Sheth began the business as a one-woman band out of necessity, doing everything from menu planning and ingredient shopping to cooking in the commercial kitchen she rents in Andersonville and making deliveries. For the first few months, she would work until 3 or 4 a.m. all week.
“I’m the type of person that doesn’t like to ask for help, not because I’m too proud to ask,” she said. “I have this delusion about myself that I can do everything on my own.”
One customer ordered from Oak Brook before the chef realized how far away it was.
“It took me an hour and a half to get there, and I was like, ‘Damn it,’” she said. “I hate saying no to people, but I learned the tough way that I have to draw the line somewhere.”
Every week brings challenges as well as another chance for Sheth to fine-tune her routine. She’s learning to give herself more credit and accept help.
While her mother and other relatives provide culinary guidance from India, Sheth’s sister helps her through business logistics from New York and quality time during her work-related travels to Chicago.
“For most of us, people like me who are trying to drive their business on their own, I think the support of family and close ones are super important,” she said.
She also enlisted part-time prep cooks and delivery drivers, who play “instrumental” roles. Sheth said she’s proud all her employees are people of color.
One member of her team is Jesús Pérez Jr. On Mondays, he goes to Restaurant Depot in North Park and Fresh Farms International Market to buy ingredients for Tasting India. He works as an Instacart shopper for most of the week, then helps Sheth package orders and makes deliveries across the city on Saturdays.
“As soon as everything changed, I had to change” my job, Pérez said. “ I had to think about my parents, especially my late father.”
He worked in Chicago restaurants for 13 years doing “everything you can think of” before turning to the gig economy a few years ago.
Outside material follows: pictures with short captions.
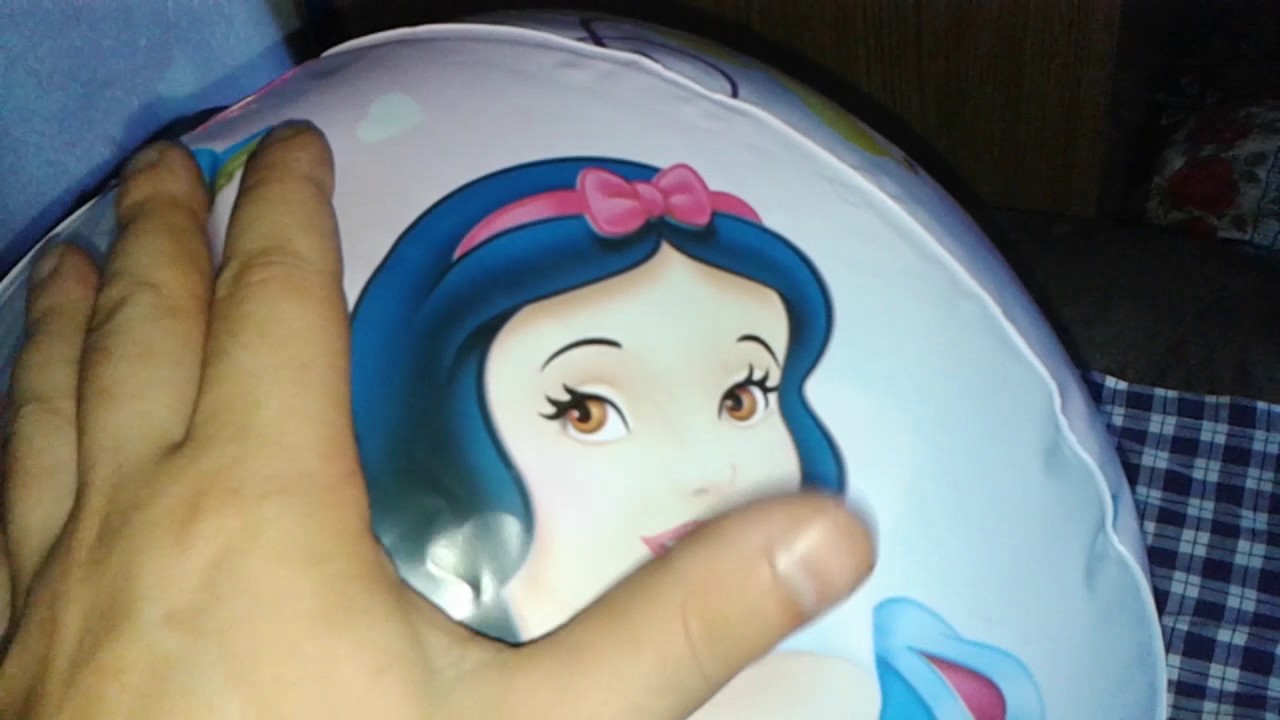 Disney princess beach ball deflating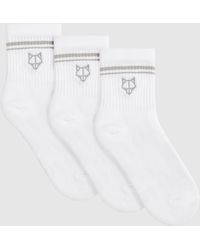 Naked Wolfe - 3 Pack Stripe Socks - Lyst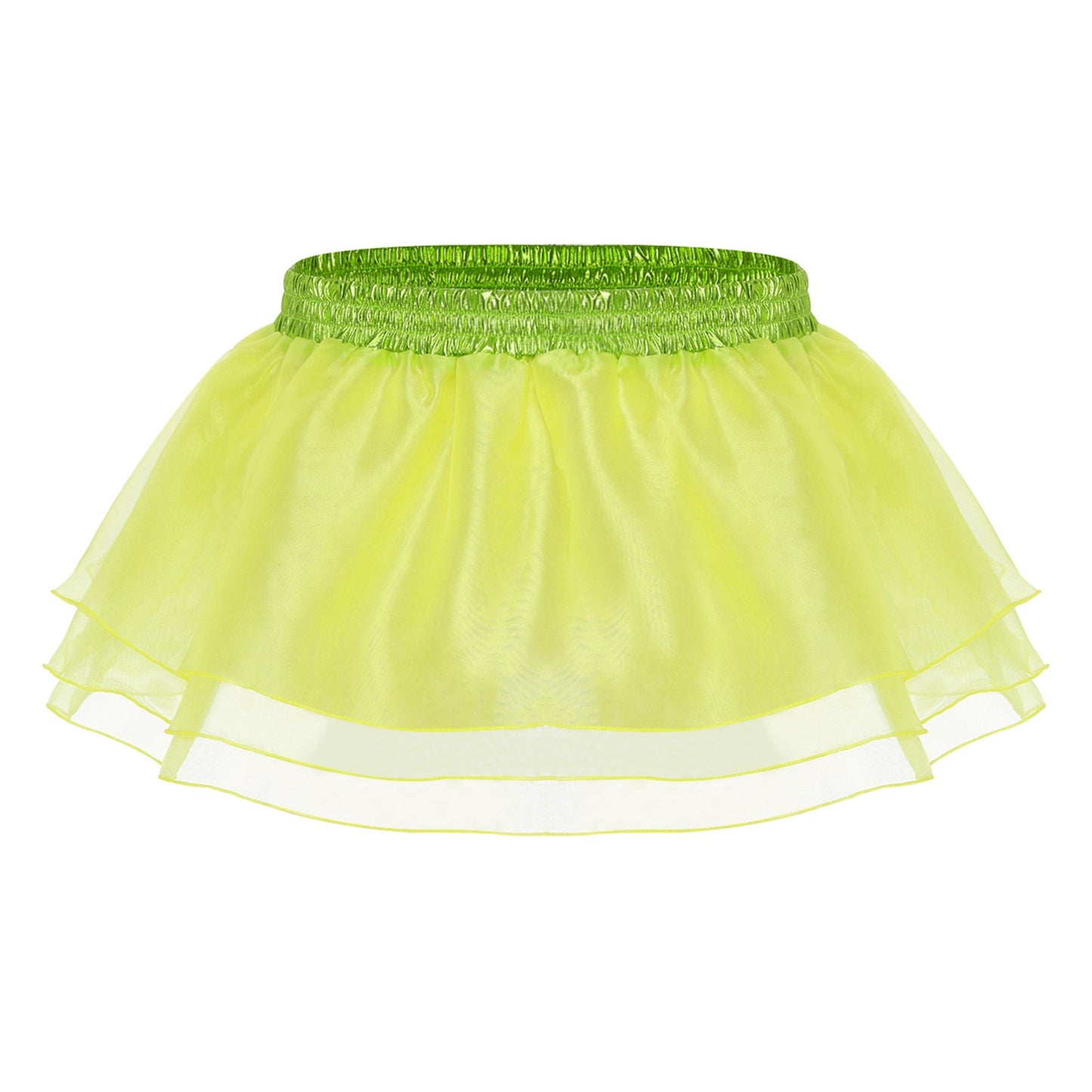 Womens Tiered A-line Pleated Short Skirt Shiny Glitter Skirt for Rave Festival Pole Dance Bar Party Skirt Night Club Costume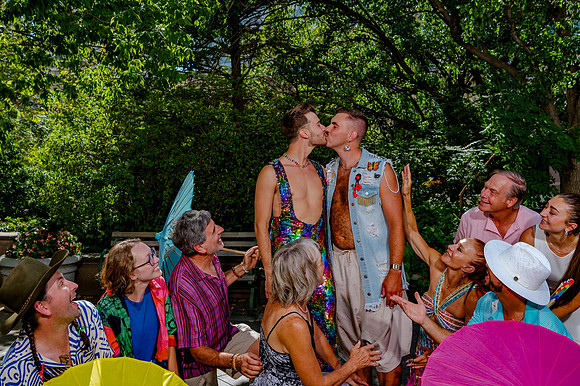 Celebrating Love and High Fashion - Josh and Lucas's Stunning Wedding at Galavan Center!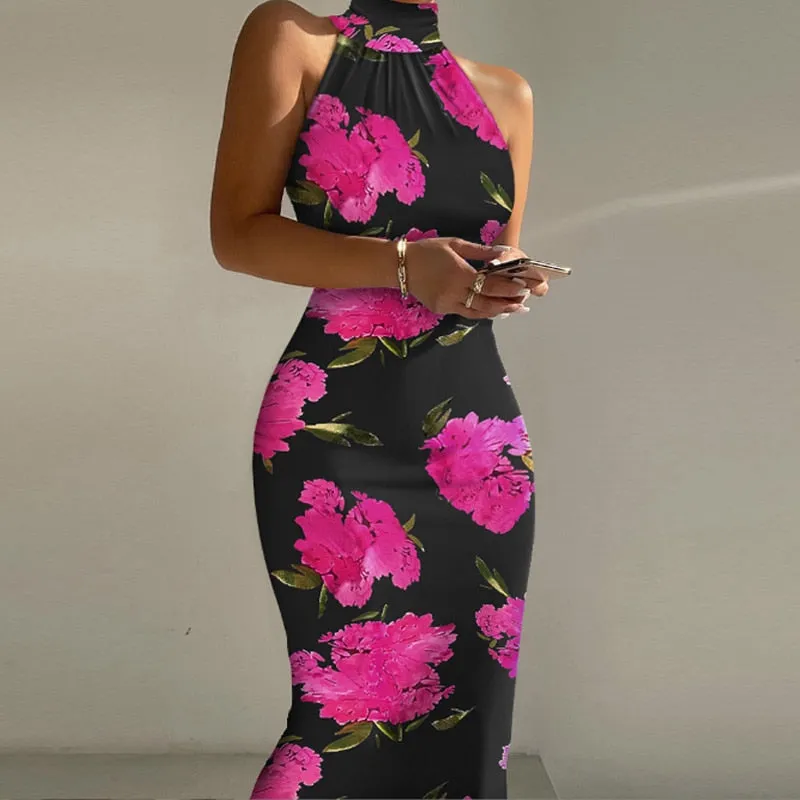 znbbw Women Fashion Slim Patchwork Mesh Maxi Dress 2023 Elegant Glitter Banquet Dress Sexy Turtleneck Bodycon Shiny Ladies Party Dress - Image 13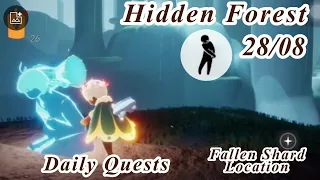 [28/8/22] Daily Quests in Hidden Forest + Shard Location | Season of Shattering | Sky COLT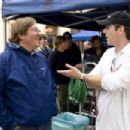 Producer Lorenzo di Bonaventura (left) and Director/Executive Producer Stephen Sommers (right) on the set of “G.I. JOE: The Rise of Cobra.” Photo Credit: Frank Masi. ©2009 Paramount Pictures Corporation. All Rights Reserved. HASBRO and its log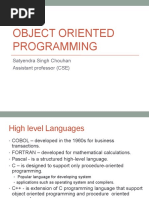 L1 Object Oriented Programming C++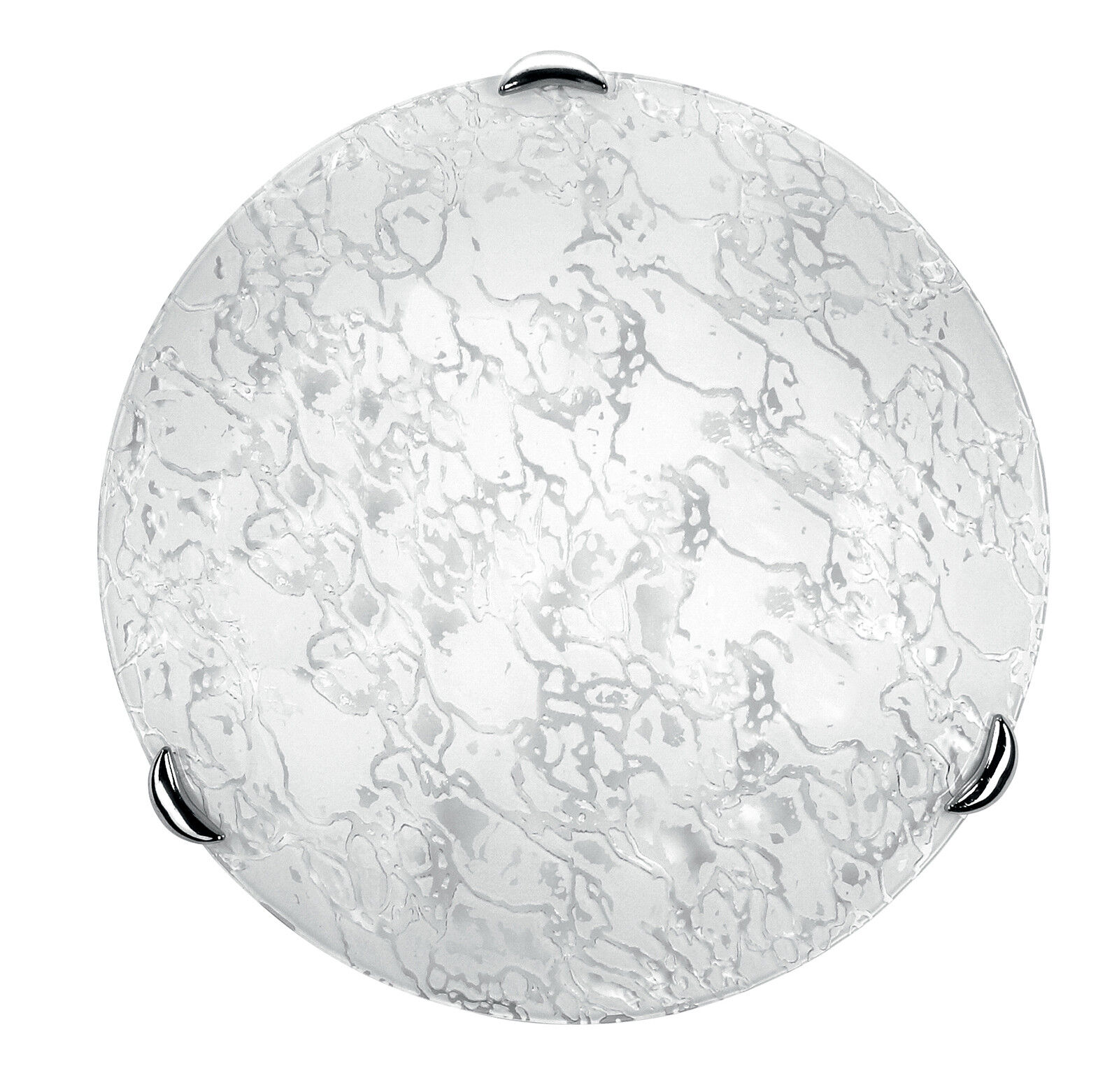 Lampadario Plafoniera Ghiaccio Ceiling Lamp Colore Bianco 60W Mis 40 cm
For Pérez, who is immunocompromised and lives with parents who are immunocompromised, working with Tasting India since December has meant more stable, safer workdays in a week.
Many essential workers do not have the luxury of assessing health risks before taking a job, Pérez said.
“Whatever benefit you can get out of whatever you’re doing, is it worth the risk of getting infected or sick?” he said.
Pérez said working with Tasting India provided an opportunity to return to the service industry and do what he enjoys.
“I’ve always wanted to help people,” he said. “Being able to do no-contact delivery for the most part is ideal because of the pandemic.”
Sheth said she’s survived by collaborating with and uplifting others through her food. Since the early weeks of Tasting India, she has donated proceeds to organizations, including Brave Space Alliance, the Okra Project and Trans Law Center; helped create care packages for frontline workers; and shared meals with the Community Kitchen, a mutual aid meal distribution project.
Sheth also partners with local entrepreneurs Smack Dab restaurant and Salt Spoon Bakehouse to sell retail items like her Cutting Masala Chai mix and a bagel inspired by thepla, a Gujarati flatbread. Learning to use social media intentionally has been key to building relationships with chefs and customers, she said.
“Given this pandemic and the challenges that it has posed for people financially, economically and personally, what better way to support each other than collaborate?” she said.
City officials have allowed restaurants to reopen gradually. Sheth will have to adapt her work as the restaurant industry works toward a post-COVID future. She said finding a different kitchen or expanding the business are good problems to have.
Sheth hopes Tasting India can celebrate its first anniversary safely. She also wants to continue conversations around food colonization and dispel stereotypes about Indian cuisine using her platform.
The restaurant and food industry needs to change significantly “for it to work for the people that actually helped build the industry,” she said.
“I don’t think there is one answer to that,” she said. “It will need to be something really drastic to change, to really see a different side of hospitality.”